Se KANT não pode ser reputado como o fundador da Filosofia moderna – que se inicia com DESCARTES e BACON – merece ao menos ser considerado como seu grande renovador. Com ele, a Filosofia conhece nova fase. Para o seu pensamento convergiram diversas correntes filosóficas, inclusive antagônicas entre si, como o idealismo, o empirismo e o positivismo. Procurou conciliar o materialismo e o idealismo em um único sistema, embora de direções filosóficas heterogêneas e opostas. Os materialistas históricos acusam que o pensamento de KANT tem sido usado como arma poderosa pelos seus críticos, ao fazerem considerar a matéria como coisa em si (noumenon) e pois de todo incognoscível. Mas, apesar das inevitáveis discordâncias, KANT é, sem dúvida, um dos maiores filósofos de todos os tempos.

A importância de sua obra excede em muito os limites deste ensaio. Mas não se pode falar nas relações entre Direito e Moral sem se destacar a importante contribuição que KANT deu ao tema.

Convém situar algumas de suas premissas, para entender a lógica com que abordou a questão.

KANT se propusera a indagar sobre as condições, os limites e a validade do conhecimento. Antes dele, a Filosofia cuidava mais da ontologia. Com KANT, passou do estudo do ser, para o do conhecer. Para ele, não conhecemos a coisa em si (noumenon), senão pela forma pela qual ela é apreendida (fenomenon).

O conhecimento é pois relativo, pois não se conhece a realidade, apenas a sua aparência.

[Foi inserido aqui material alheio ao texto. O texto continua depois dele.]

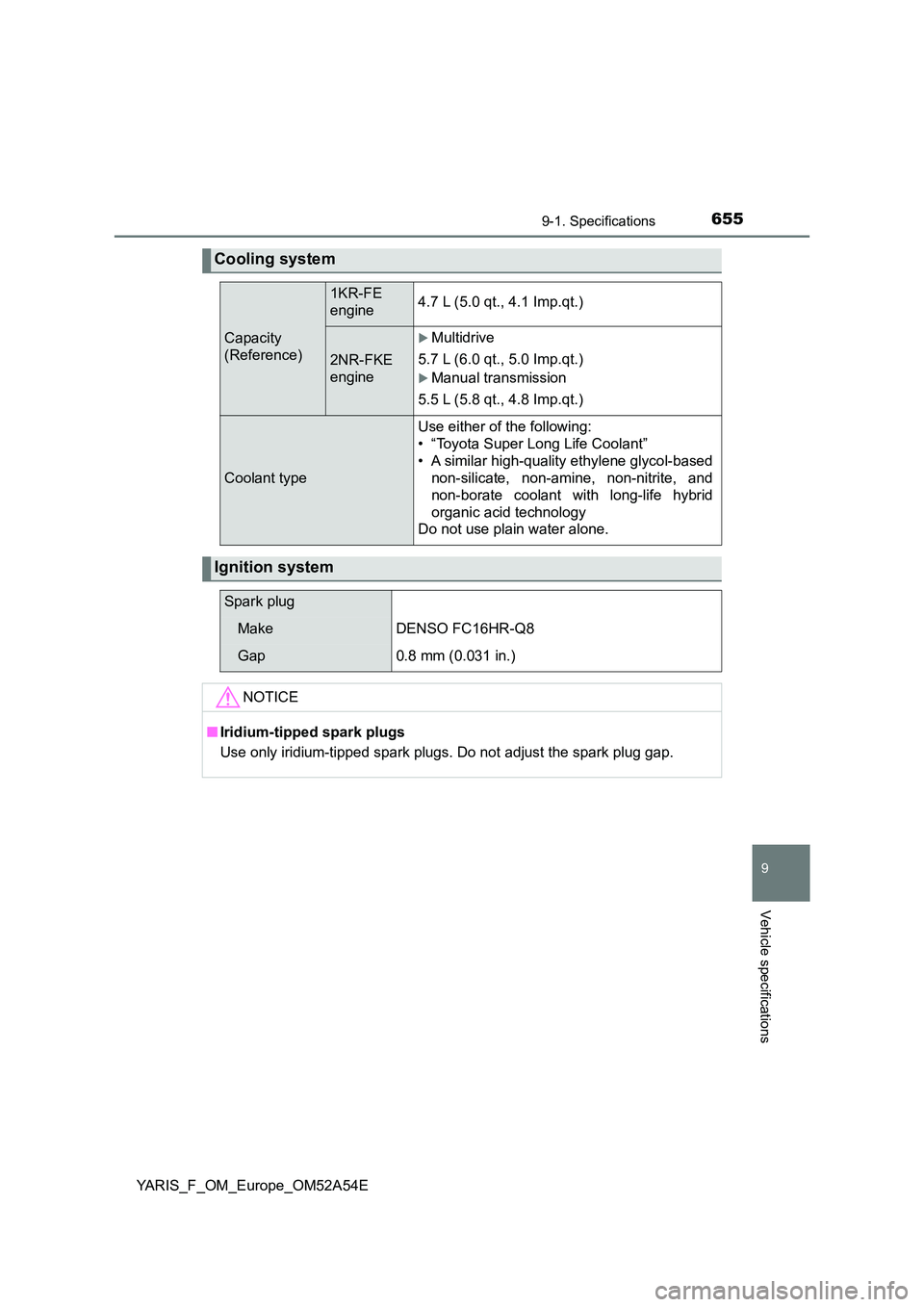 TOYOTA YARIS 2020 Owners Manual 6559-1. Specifications
9
Vehicle specifications
YARIS_F_OM_Europe_OM52A54E
Cooling system
Capacity
(Reference)
1KR-FE
engine4.7 L (5.0 qt., 4.1 Imp.qt.)
2NR-FKE
engine
Multidrive
5.7 L (6.0 qt TOYOTA YARIS 2020 Owners Manual 6559-1. Specifications
9
Vehicle specifications
YARIS_F_OM_Europe_OM52A54E
Cooling system
Capacity
(Reference)
1KR-FE
engine4.7 L (5.0 qt., 4.1 Imp.qt.)
2NR-FKE
engine
Multidrive
5.7 L (6.0 qt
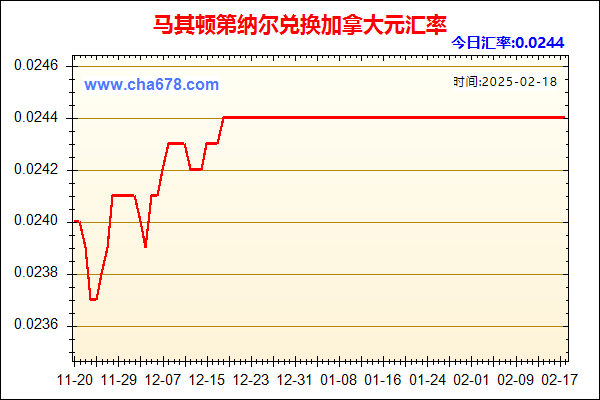 马其顿第纳尔兑人民币汇率走势图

Se isso se passa no campo da Filosofia teorética, especialmente no campo da gnoseologia, no campo da prática (no mundo da ação) o homem já se encontra em melhores condições de chegar à certeza absoluta, que o conhecimento teorético não lhe pode dar.

KANT expõe os problemas fundamentais do Direito na Metafísica dos Costumes (1797), obra dividida em duas partes, intituladas Doutrina do Direito e Doutrina da Virtude. Torna-se também necessário o conhecimento da Crítica da Razão Prática (1788) e da Fundamentação da Metafísica dos Costumes (1785), onde KANT expõe a sua famosa teoria da moral do dever. Para melhor conhecimento das relações entre Direito e Estado, é importante a leitura do apêndice Sobre a Paz Perpétua (1795), onde KANT expõe o seu projeto para a solução de controvérsias internacionais.

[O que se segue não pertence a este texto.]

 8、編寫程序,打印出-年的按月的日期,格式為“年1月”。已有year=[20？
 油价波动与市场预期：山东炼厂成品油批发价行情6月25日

2. A lei do dever moral: o imperativo categórico

No mundo prático, temos consciência de um dado apriorístico, fruto de uma revelação, que não cabe propriamente dentro do conhecimento científico, que nos ensina o que devemos e o que não devemos fazer. KANT assim afirma o primado da razão prática sobre a teorética.

Para KANT existem certas concepções a priori, anteriores à própria experiência e cuja existência é admitida sem necessidade de comprovação. Uma dessas concepções apriorísticas é a liberdade, noção metafísica da qual não se pode dar uma demonstração teorética.

A liberdade, é pois, um postulado. Mas esta liberdade não pode ser incondicional. Quais então os limites da liberdade? Para KANT, se a causa livre, inerente à razão humana, obedecesse a alguma lei, livre já não seria. A causa - para ser livre – não pode estar sujeita à coação. KANT encontra os limites da liberdade em uma lei que não constranja, em uma lei que é acatada porque...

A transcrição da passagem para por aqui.